My 7th Anniversery is coming up in a couple of months, and thinking about what to get the wife, a warm and fuzzy memory of our wedding came creeping back to me.

I say warm and fuzzy because I was still pretty much gassed from the bachelor party the night before and had it not been for the photographer with a video camera I doubt I'd remember as much as I do.

The one thing I do remember though, and still don't understand why the pastor wanted this, is the pastor asking me to say something that now seems very silly.

He said "Repeat after me"
So I said "After Me, After Me, After Me"

Maybe it was just our Pastor... I dunno.



God Bless

~ Raven ~


----------



## Dove (Sep 12, 2005)

LOL...After that you better make it something special!
Coming up on 51 years in November for us.
Marge~Dove


----------



## mrsmac (Sep 13, 2005)

7th anniversary is Copper or wool, (i google searched) Maybe something made from either of those. I haven't thought of anything as yet but I'll get back to you. I think you're doing well that you've remembered in advance!DH has to be reminded or he forgets lol.


----------



## SizzlininIN (Sep 13, 2005)

Ok......I'm not one who ever appreciated the whole traditional gifts that go by the number of years your married.  But since we'll be celebrating our 10th this coming May......Diamonds do sound wonderful .  Especially since I absolutely love jewelry.  Take her out to a really nice dinner and present her with a lovely piece of jewelry.  Take note what she likes though.  If your not sure ask her best friend and tell that friend mums the word. Adding a little love note will sweeten the package.


----------



## Raven (Sep 13, 2005)

Copper and Wool huh? Hmm... Maybe I'll buy her a box of Scrub Buddies (Copper Wool) and kill two birds with one stone  

Actually, it would probably be three birds if you include my resulting funeral too ha ha 

~ Raven ~


----------



## pdswife (Sep 13, 2005)

Just make the day extra special for the two of you.
Dedicate the day to her.  Take her for a long walk
followed by a nice lunch or dinner somewhere, maybe a movie.
Hold her hand, kiss and hug twice as much as you normaly do.
Smile at her.  Look in her eyes and tell her how much you still love her
and that if you had it to do over again, you'd marry her in a heart beat.
Gifts are great but memories are even better.    
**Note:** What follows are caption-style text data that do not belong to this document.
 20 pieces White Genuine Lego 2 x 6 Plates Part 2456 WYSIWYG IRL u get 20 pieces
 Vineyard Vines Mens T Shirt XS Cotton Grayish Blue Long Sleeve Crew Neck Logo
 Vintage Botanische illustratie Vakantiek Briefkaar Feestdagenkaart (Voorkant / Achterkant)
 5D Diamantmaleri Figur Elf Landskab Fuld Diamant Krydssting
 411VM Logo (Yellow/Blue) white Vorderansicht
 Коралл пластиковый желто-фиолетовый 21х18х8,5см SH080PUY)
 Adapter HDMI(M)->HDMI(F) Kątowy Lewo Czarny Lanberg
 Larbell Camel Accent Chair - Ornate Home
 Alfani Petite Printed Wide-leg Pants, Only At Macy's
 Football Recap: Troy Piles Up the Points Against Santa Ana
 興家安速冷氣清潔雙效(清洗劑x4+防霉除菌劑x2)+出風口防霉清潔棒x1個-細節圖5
Have fun!! And congrats on 7 years of love.


----------



## Maidrite (Sep 13, 2005)

ANd Never ever REFER to her As "THE WIFE"  Women hate that. They always like you to listen to them, I MEAN REALLY LISTEN TO THEM. I know sometimes this can be HARD, But it is very Important and Then after all the other things listed Take Her "SHOPPING"  , Go with her, Hold her tight, and EVEN kiss Her , Women need this ! I just got lucky and Barbara doesn't need that kind of stuff!  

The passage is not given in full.